## Description of the task
Your answer must be an exact retyping of the line containing "Pàgina 3 de 3: Amb qui parlo i què dic" and every line after it through the end of the records below, with no pictures and nothing else.

***** Dataset records *****

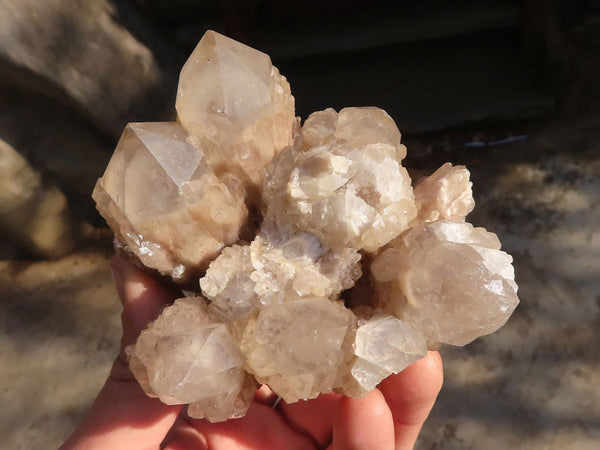 Natural Cascading Smokey Quartz Clusters x 3 From Luena, Congo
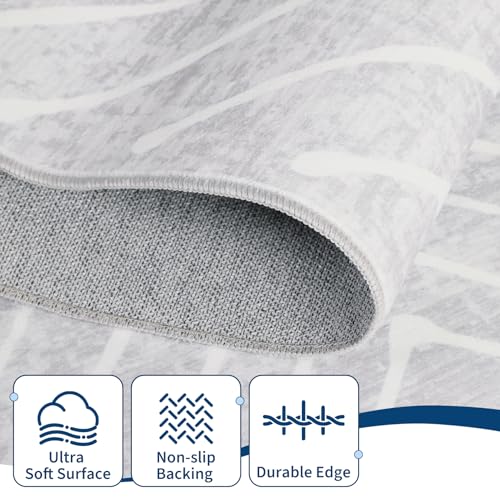 Grey 9x12 Modern Geometric Area Rug Non-Slip Soft Carpet for Living Room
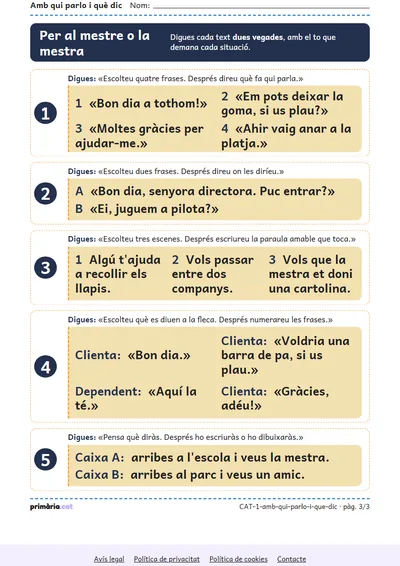 Pàgina 3 de 3: Amb qui parlo i què dic
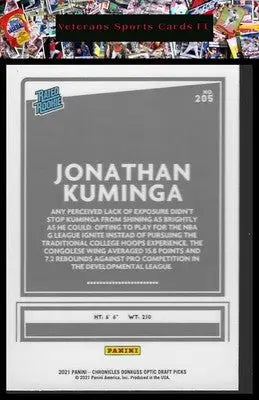 2021 Panini Chronicles Draft Picks #205 Jonathan Kuminga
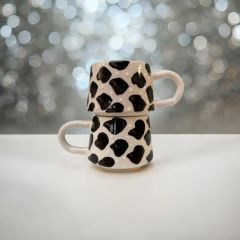 2 Kişilik Seramik Klasik Siyah Dalmaçyalı Kupa Bardak Mug Duble Kahve Fincanı
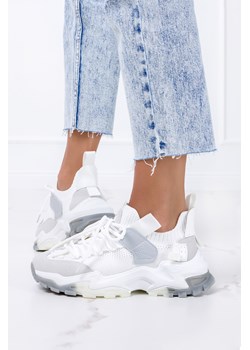 Białe sneakersy na platformie buty sportowe sznurowane Casu BL272-SZ ze sklepu Casu.pl w kategorii Buty sportowe damskie - zdjęcie 133388089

*****

## Output for this exercise
 Pàgina 3 de 3: Amb qui parlo i què dic
 2021 Panini Chronicles Draft Picks #205 Jonathan Kuminga
 2 Kişilik Seramik Klasik Siyah Dalmaçyalı Kupa Bardak Mug Duble Kahve Fincanı
 Białe sneakersy na platformie buty sportowe sznurowane Casu BL272-SZ ze sklepu Casu.pl w kategorii Buty sportowe damskie - zdjęcie 133388089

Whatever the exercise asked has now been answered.